Primary authentication

Primary authentication occurs when a user first attempts to access the system. The user provides a user name and password and specifies an authentication type. The authentication type may be Enterprise, Windows NT, or LDAP authentication, depending upon which type(s) you have enabled and set up in the Authorization management area of the Crystal Management Console (CMC). The user's web browser sends the information by HTTP to your web server, which routes the information through the Web Connector to the Web Component Server (WCS).

Note:    All communication between the user's web browser and the WCS is similarly routed through the web server and the Web Connector. For clarity, the web server and the Web Connector are explicitly discussed only when necessary.

The WCS passes the user's information to logon.csp and runs the script. Internally, this script communicates with the SDK and, ultimately, the appropriate security plug-in authenticates the user against the user database.

For instance, if the user specifies Enterprise Authentication, the SDK ensures that the Crystal Enterprise security plug-in performs the authentication. The plug-in component verifies the user name and password against the system database and notifies the Automated Process Scheduler (APS) of the results. Alternatively, if the user specifies Windows NT or LDAP Authentication, the SDK uses the corresponding security plug-in to authenticate the user. The plug-in verifies the user name and password against the external user database and notifies the APS of the results.

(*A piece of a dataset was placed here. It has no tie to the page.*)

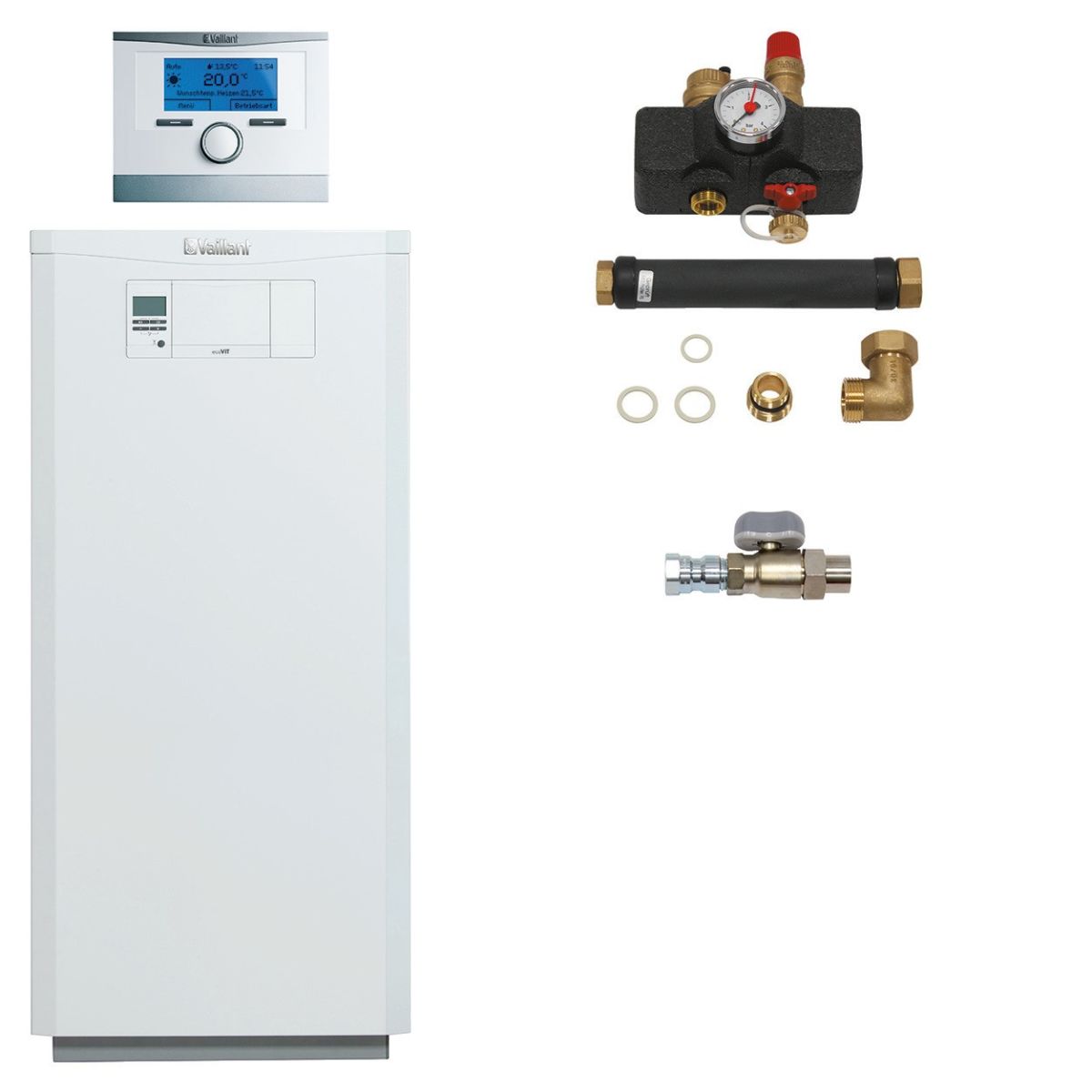 Paket 2.67/3 ecoVIT VKK 0010029846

If the security plug-in reports a successful match of credentials, the APS grants the user an active identity on the system and the system performs several actions:

• The APS stores the user's information in memory in an APS session variable. While active, this session consumes one user license on the system.
• The APS generates and encodes a logon token and sends it to the WCS.
• The WCS stores the user's information in memory in a WCS session variable. While active, this session stores information that allows Crystal Enterprise to respond to the user's requests.

  Note:    If you are familiar with the SDK, you should note that the WCS here instantiates the InfoStore object and stores it in the WCS session variable.

• The WCS sends the logon token to the user's web browser, and the web browser caches the token in a cookie. Until the logon token expires, its encoded information serves as the user's valid ticket for the system.

Each of these steps contributes to the distributed security of Crystal Enterprise, because each step consists of storing information that is used for secondary identification and authorization purposes. This is the model used in ePortfolio. However, if you are developing your own client application and you prefer not to store session state on the WCS, you can design your application such that it avoids using WCS session variables.

Note:    

• The third-party Windows NT and LDAP security plug-ins work only once you have mapped users and groups from the external user database to Crystal Enterprise. For details, see Available authentication types.
• In a Single Sign On situation, users' credentials are retrieved by other means and authenticated against the user database automatically. Hence, users are not prompted for their credentials.